I'm literally a security dev working with Cloudflare anti-bot myself (not by choice). It's a useful tool for corporate but a really fucking bad one for the health of the web, much worse than any LLM agent or crawler, period.
Ah, the good old "you dont agree with me so you must be shilling for X" argument. I suppose you are shilling for the bots then, am I right ?
-
gaining unauthorized access to a computer system
And my point is that defining "unauthorized" to include visitors using unauthorized tools/methods to access a publicly visible resource would be a policy disaster.
If I put a banner on my site that says "by visiting my site you agree not to modify the scripts or ads displayed on the site," does that make my visit with an ad blocker "unauthorized" under the CFAA? I think the answer should obviously be "no," and that the way to define "authorization" is whether the website puts up some kind of login/authentication mechanism to block or allow specific users, not to put a simple request to the visiting public to please respect the rules of the site.
To me, a robots.txt is more like a friendly request to unauthenticated visitors than it is a technical implementation of some kind of authentication mechanism.

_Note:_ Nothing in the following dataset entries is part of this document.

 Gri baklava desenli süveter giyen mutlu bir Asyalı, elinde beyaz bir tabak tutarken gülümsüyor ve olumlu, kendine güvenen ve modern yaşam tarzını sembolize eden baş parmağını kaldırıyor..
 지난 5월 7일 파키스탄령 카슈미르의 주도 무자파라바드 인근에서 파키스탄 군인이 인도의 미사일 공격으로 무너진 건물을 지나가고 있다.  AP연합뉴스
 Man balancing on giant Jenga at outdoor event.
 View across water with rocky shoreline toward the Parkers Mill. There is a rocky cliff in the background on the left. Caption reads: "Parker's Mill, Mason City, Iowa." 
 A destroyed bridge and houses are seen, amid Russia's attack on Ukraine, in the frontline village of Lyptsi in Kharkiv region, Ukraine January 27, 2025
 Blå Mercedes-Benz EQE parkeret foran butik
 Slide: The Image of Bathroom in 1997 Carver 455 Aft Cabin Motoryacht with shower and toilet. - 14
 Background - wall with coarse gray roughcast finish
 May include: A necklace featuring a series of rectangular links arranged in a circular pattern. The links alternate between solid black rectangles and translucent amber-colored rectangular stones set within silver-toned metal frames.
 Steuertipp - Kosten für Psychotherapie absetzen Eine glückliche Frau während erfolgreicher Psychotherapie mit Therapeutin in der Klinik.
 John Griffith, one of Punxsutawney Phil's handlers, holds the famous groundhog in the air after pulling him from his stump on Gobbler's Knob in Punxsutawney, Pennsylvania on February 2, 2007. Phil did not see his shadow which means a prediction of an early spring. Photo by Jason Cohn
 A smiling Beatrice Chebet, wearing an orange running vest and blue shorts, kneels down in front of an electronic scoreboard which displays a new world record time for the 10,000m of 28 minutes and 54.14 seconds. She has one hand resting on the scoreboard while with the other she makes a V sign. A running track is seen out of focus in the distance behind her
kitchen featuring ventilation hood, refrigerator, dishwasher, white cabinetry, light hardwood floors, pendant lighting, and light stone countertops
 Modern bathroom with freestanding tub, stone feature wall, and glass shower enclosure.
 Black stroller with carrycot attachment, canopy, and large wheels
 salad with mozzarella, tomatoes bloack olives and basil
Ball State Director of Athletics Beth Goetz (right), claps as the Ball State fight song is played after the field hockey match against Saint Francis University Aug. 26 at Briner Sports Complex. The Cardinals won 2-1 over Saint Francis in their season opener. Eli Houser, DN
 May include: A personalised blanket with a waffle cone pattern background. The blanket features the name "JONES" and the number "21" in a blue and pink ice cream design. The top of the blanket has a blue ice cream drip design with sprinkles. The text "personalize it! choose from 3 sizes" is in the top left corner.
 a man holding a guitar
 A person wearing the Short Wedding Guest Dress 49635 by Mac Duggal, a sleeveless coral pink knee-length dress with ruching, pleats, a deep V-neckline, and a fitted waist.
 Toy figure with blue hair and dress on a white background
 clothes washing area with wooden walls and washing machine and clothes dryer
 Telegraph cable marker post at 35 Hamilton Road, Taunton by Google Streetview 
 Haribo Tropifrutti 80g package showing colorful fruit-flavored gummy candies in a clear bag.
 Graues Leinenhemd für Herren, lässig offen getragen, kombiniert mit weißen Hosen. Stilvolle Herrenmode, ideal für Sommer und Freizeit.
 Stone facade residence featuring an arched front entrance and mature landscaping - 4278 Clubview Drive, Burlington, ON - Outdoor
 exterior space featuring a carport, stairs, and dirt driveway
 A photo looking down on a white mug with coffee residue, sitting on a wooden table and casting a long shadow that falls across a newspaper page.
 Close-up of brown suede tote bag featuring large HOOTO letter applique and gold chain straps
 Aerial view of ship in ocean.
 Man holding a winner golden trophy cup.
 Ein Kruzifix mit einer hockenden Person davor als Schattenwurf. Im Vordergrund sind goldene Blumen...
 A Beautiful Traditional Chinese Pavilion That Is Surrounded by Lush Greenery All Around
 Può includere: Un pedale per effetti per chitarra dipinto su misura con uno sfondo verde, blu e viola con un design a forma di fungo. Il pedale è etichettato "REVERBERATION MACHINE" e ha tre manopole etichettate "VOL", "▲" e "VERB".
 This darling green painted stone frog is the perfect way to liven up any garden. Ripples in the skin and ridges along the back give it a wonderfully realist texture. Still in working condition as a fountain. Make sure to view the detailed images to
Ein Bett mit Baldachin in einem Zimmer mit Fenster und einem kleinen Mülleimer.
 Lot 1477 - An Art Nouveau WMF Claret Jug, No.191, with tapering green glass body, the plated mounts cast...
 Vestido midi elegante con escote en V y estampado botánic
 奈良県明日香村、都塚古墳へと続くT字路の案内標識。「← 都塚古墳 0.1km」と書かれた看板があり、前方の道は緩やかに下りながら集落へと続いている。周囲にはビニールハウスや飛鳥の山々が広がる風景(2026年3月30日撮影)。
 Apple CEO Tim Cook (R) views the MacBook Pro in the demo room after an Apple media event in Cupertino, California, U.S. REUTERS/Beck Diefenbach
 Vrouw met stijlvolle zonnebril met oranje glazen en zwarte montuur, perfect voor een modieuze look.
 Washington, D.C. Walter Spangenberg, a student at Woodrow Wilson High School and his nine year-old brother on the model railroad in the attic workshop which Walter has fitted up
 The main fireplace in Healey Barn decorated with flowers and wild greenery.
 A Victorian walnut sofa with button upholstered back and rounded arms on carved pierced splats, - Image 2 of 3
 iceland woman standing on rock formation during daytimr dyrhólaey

Scraping isn't hacking. I agree with the Third Circuit and the EFF: If the website owner makes a resource available to visitors without authentication, then accessing those resources isn't a crime, even if the website owner didn't intend for site visitors to use that specific method.
Site owners currently do and should have the freedom to decide who is and is not allowed to access the data, and to decide for what purpose it gets used for. Idgaf if you think scraping is malicious or not, it is and should be illegal to violate clear and obvious barriers against them at the cost of the owners and unsanctioned profit of the scrapers off of the work of the site owners.
-
yeah it's almost like there as already a system for this in place
THE CAKE DAY IS NOW. (i dont have an image at hand)
-
THE CAKE DAY IS NOW. (i dont have an image at hand)
i really wish we wouldn't do those. feels too reddity.
but thanks.
-
i really wish we wouldn't do those. feels too reddity.
but thanks.
as you wish
-
as you wish
*monkeys paw curls and i turn into cake*
-
The shit they know. Plus their support for non-JS users or For are pure shite
Yeah, a few sites outright refuse to work because cloudflare just poops.
EDIT: It was supposed to say "loops", but I'm keeping it.